> [Work required] Copy out the data below, all of it, exactly.

> [The input]
Start of Block
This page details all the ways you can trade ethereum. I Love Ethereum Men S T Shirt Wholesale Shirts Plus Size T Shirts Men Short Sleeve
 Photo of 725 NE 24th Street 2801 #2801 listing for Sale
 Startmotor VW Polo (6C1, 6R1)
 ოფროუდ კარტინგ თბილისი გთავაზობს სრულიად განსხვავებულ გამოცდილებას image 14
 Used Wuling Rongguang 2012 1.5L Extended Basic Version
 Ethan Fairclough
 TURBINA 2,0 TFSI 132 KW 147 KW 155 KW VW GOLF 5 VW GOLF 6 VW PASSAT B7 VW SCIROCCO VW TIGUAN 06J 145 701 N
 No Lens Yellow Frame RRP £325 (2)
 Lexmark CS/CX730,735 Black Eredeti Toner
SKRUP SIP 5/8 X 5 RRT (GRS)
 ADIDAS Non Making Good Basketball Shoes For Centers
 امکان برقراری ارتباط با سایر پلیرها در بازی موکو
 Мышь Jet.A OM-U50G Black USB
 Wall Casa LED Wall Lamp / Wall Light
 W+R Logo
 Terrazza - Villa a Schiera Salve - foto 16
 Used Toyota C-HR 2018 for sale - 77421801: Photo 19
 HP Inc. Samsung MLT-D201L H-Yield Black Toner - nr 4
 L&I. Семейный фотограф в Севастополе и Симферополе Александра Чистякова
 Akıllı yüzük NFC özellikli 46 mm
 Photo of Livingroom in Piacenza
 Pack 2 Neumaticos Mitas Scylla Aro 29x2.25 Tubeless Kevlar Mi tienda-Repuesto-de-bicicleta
End of Block
> [Exercise answer]
This page details all the ways you can trade ethereum. I Love Ethereum Men S T Shirt Wholesale Shirts Plus Size T Shirts Men Short Sleeve
 Photo of 725 NE 24th Street 2801 #2801 listing for Sale
 Startmotor VW Polo (6C1, 6R1)
 ოფროუდ კარტინგ თბილისი გთავაზობს სრულიად განსხვავებულ გამოცდილებას image 14
 Used Wuling Rongguang 2012 1.5L Extended Basic Version
 Ethan Fairclough
 TURBINA 2,0 TFSI 132 KW 147 KW 155 KW VW GOLF 5 VW GOLF 6 VW PASSAT B7 VW SCIROCCO VW TIGUAN 06J 145 701 N
 No Lens Yellow Frame RRP £325 (2)
 Lexmark CS/CX730,735 Black Eredeti Toner
SKRUP SIP 5/8 X 5 RRT (GRS)
 ADIDAS Non Making Good Basketball Shoes For Centers
 امکان برقراری ارتباط با سایر پلیرها در بازی موکو
 Мышь Jet.A OM-U50G Black USB
 Wall Casa LED Wall Lamp / Wall Light
 W+R Logo
 Terrazza - Villa a Schiera Salve - foto 16
 Used Toyota C-HR 2018 for sale - 77421801: Photo 19
 HP Inc. Samsung MLT-D201L H-Yield Black Toner - nr 4
 L&I. Семейный фотограф в Севастополе и Симферополе Александра Чистякова
 Akıllı yüzük NFC özellikli 46 mm
 Photo of Livingroom in Piacenza
 Pack 2 Neumaticos Mitas Scylla Aro 29x2.25 Tubeless Kevlar Mi tienda-Repuesto-de-bicicleta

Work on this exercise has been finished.